# Leonardo Leo (1694-1744)



## presto

Bet you've never heard of him!
What a find, I've recently purchased his 6 cello concertos (1737/8) and I cant stop playing them, they are absolute gems! 
He didn't compose much instrumental music, being mainly a successful opera composer, but he sure knew how to put together a fine concerto.
Dare I say these are much more interesting and extended works than similar concertos composed by Vivaldi at around the same time.
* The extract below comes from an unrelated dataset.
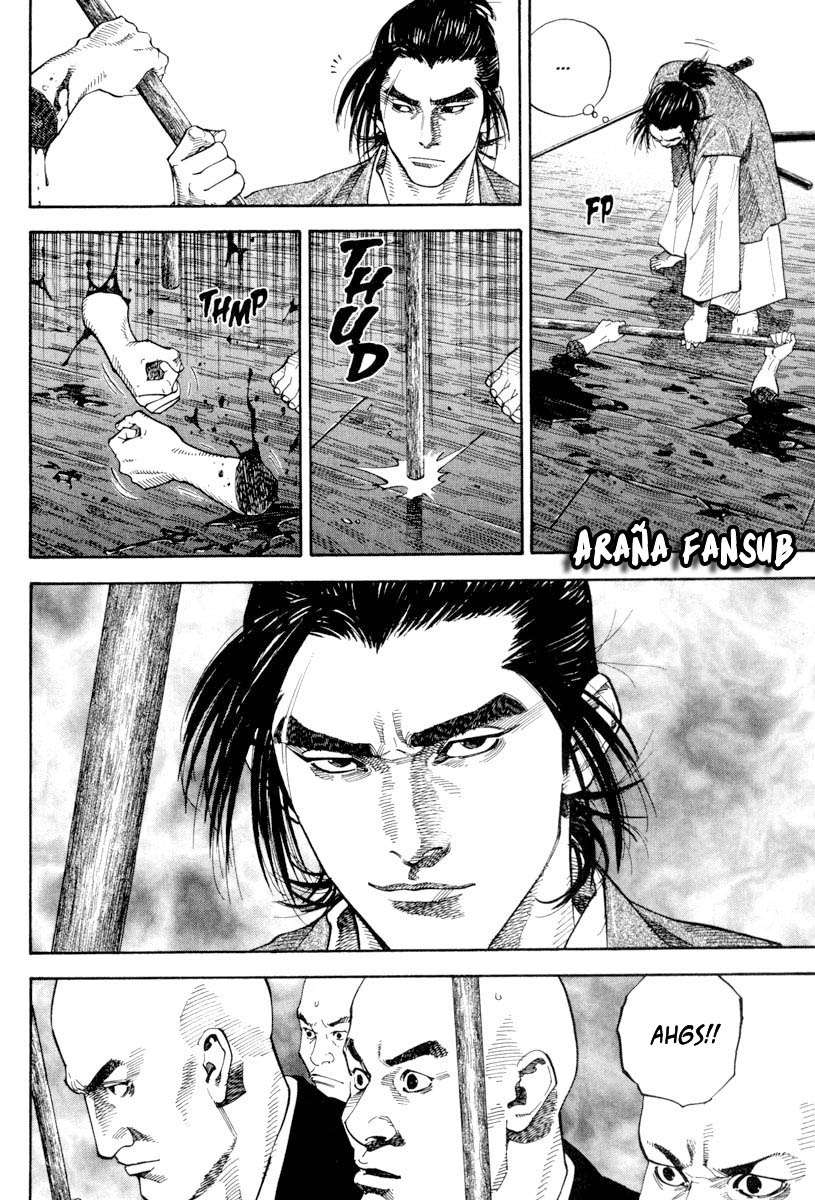 Read VagabondES Manga Online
http://www.musicweb-international.com/classrev/2006/May06/Leo_Cello_CDDCA1169.htm


----------



## HarpsichordConcerto

Good catch, presto. I have these six cello concertos by Leo, plus other works including a couple of operas. Mine performed by Orchestra Van Wassenaer (on period instruments). Very lyrical pieces, which obviously showed his gift as a composer for the human voice.


----------



## Sid James

Thanks for posting, *presto*, just listening to one of his cello concertos now on youtube with the masterful Anner Bylsma. Haydn's first concerto esp. comes to mind a bit, actually quite a lot in some ways...


----------



## presto

HarpsichordConcerto said:


> Good catch, presto. I have these six cello concertos by Leo, plus other works including a couple of operas. Mine performed by Orchestra Van Wassenaer (on period instruments). Very lyrical pieces, which obviously showed his gift as a composer for the human voice.
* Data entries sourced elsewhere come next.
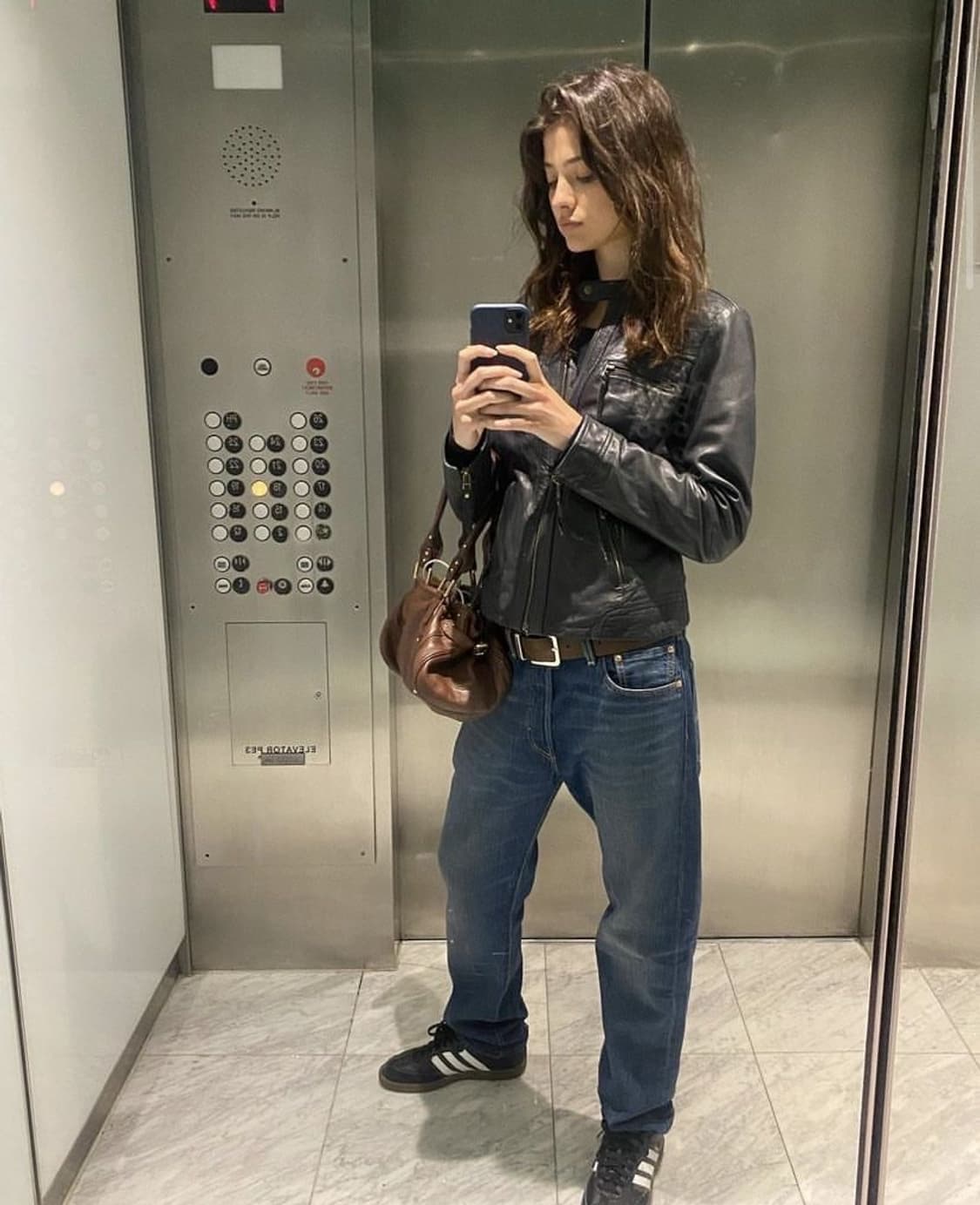 양가죽 레더자켓 상품이미지4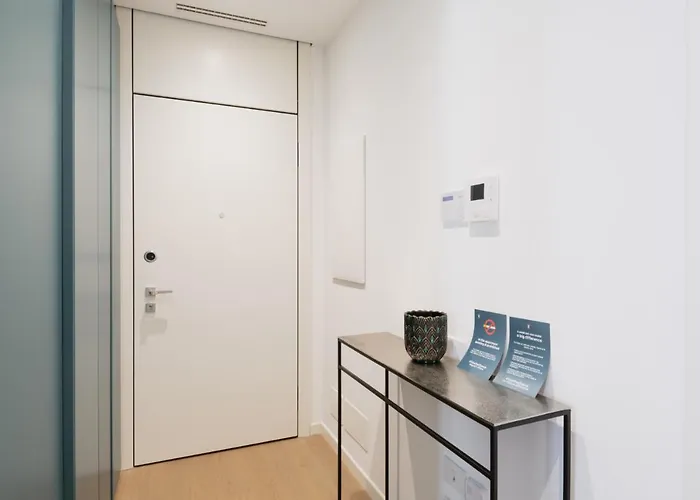 Easylife - - Corsia Dei Servi 11 P5 - Duomo * Μιλάνο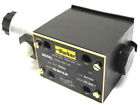 D3w20bvjw Parker Directional Control Solenoid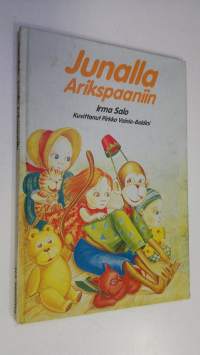 Tyhjä kuva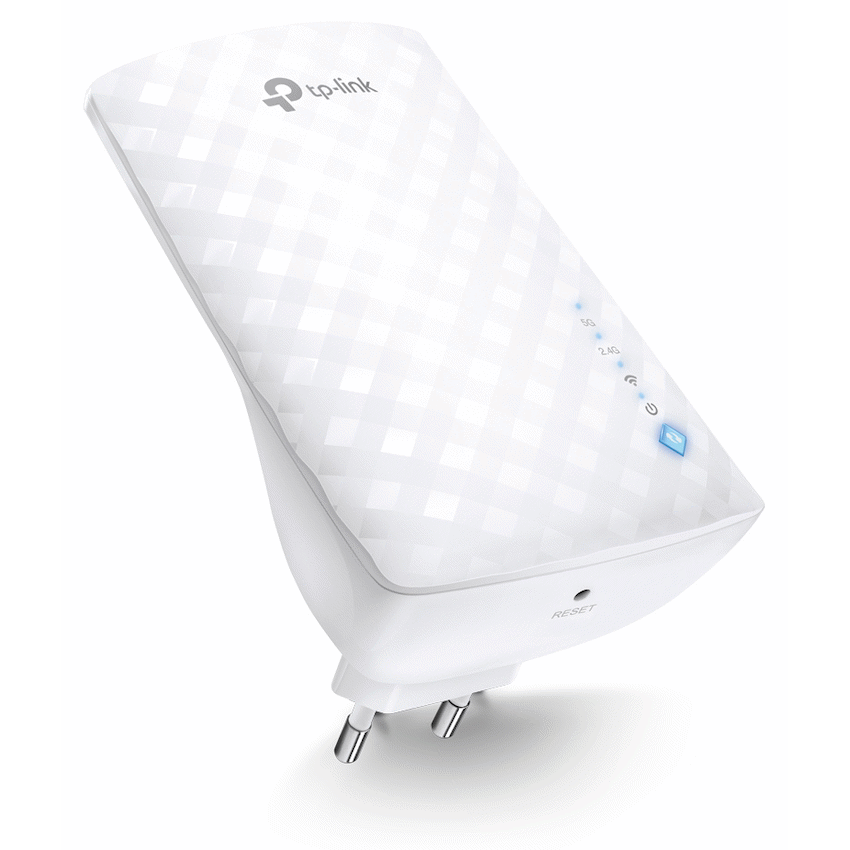 TP-Link RE190 AC750 Wi-Fi Range Extender - image 3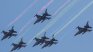 Първите нови F-16V пристигат в Тайван след месеци на забавяне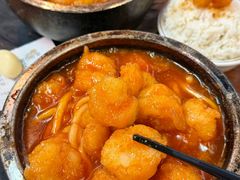 -谢记上海大排档(长寿路店)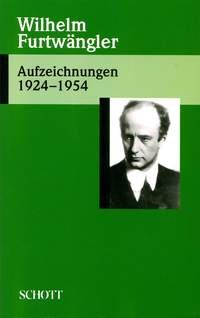 Aufzeichnungen 1924-1954 Essays & Short Stories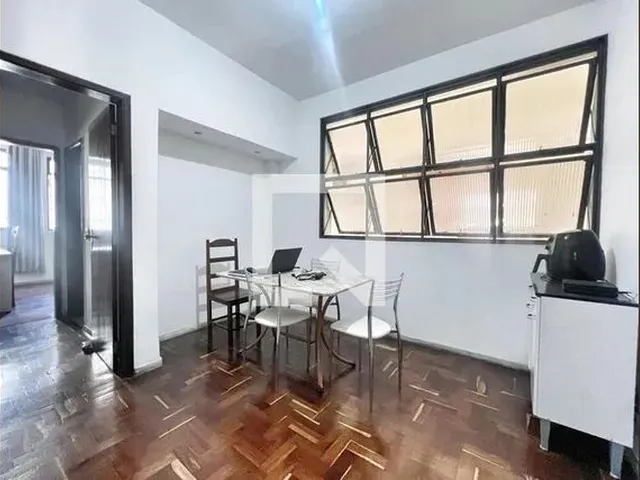 Imagem: Apartamento À Venda - Barroca, 3 Quartos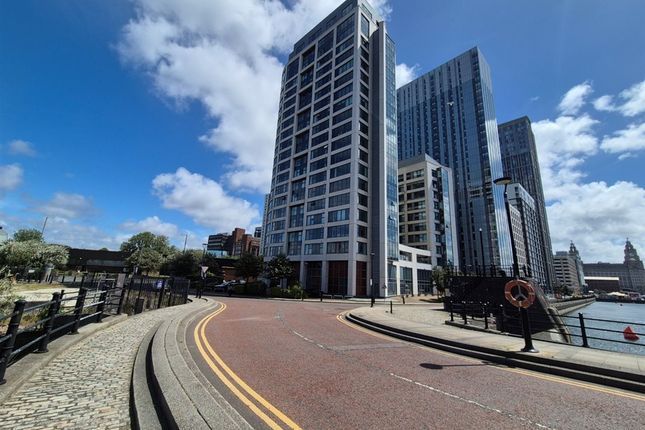2 bed property, in William Jessop Way, £100,000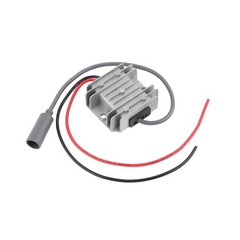 for Starlink Mini DC Step Up Converter 12/24V to 30V 3.5A Power Boost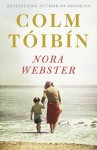 NORA WEBSTER Colm Toibin (NORA WEBSTER by Colm Toibin)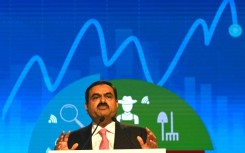 Tycoon Gautam Adani has a close relationship with Prime Minister Narendra Modi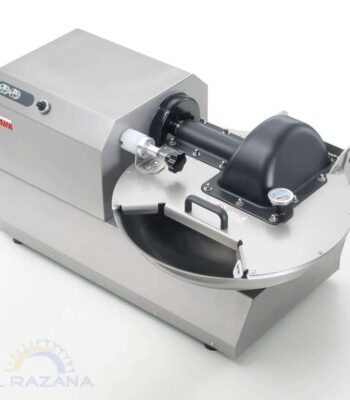 Horizontal Cutter (Katana 12 VV Sirman)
Good one, it's interesting my performances aren't on period instruments, but as with most modern orchestras these days they've been influenced by the authentic movement and use very little vibrato with quite a lean string tone and lively tempos in the faster movements.
The English chamber orchestra certainly sound very much at home in this wonderful music.


----------



## hocket

Yeah, I've got the Bylsma version of the cello concertos and L'Alidoro which are both great. Another recording of his I really like is this:


----------



## Guest

Sol Gabetta includes a cello concerto (in D, 1738) from Leo Leonardo on her latest album - "Il Progetto Vivaldi 2". Must be Leo Leo's big comeback year.


----------